Question

2x+y=5; 3x-y=5, Solve the set of simultaneous equations.

Answer 1

2x + y = 5 -------(1)

3x - y = 5 -------(2)

On adding equation 1 and 2, we get

5x = 10

=> x = 2

Now,

On substituting the value of x in equation 1, we get

2(2) + y = 5

=> y = 5 - 4

=> y = 1

Answer 2

Answer:

On solving equations simultaneously we get , value of $x = 2$ and $y = 1$ .

Step-by-step explanation:

To solve : simultaneous equations.

Given equations : $2x+y=5$ -----------(i)

                              $3x-y=5$ ----------(ii)

Solution :

• To solve given equations simultaneously  we multiply equation (i) by $3$ and equation (ii) by $2$ to equalize coefficients of $x$ .
• On multiplying  ( $2x+y=5$  ) by $3$ we get ,

         $6x + 3y = 15$    ---------------------(iv)

• On multiplying  (  $3x-y=5$  ) by $2$ we get ,

         $6x -2y = 10$   ---------------------(v)

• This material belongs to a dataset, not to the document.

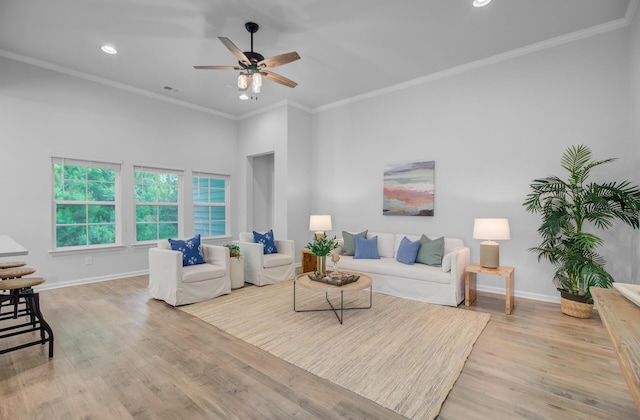 living room with baseboards, light wood-style floors, ceiling fan, ornamental molding, and recessed lighting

• Now , subtracting (v) from (iv) we get ,
• ( $6x + 3y = 15$ ) - ( $6x -2y = 10$ )
• On subtracting LHS of both equations we get , $5y$
• On subtracting RHS of both equations we get , 5
• Resultant equation becomes , $5y = 5$
• We get ,value of  $y = \frac{5}{5}$

                                    $y =1$

• Now , substituting value of $y$ in (i) ,
• $2x+y=5$

        $2x + (1) = 5\\\\2x = 4 \\\\x = 2$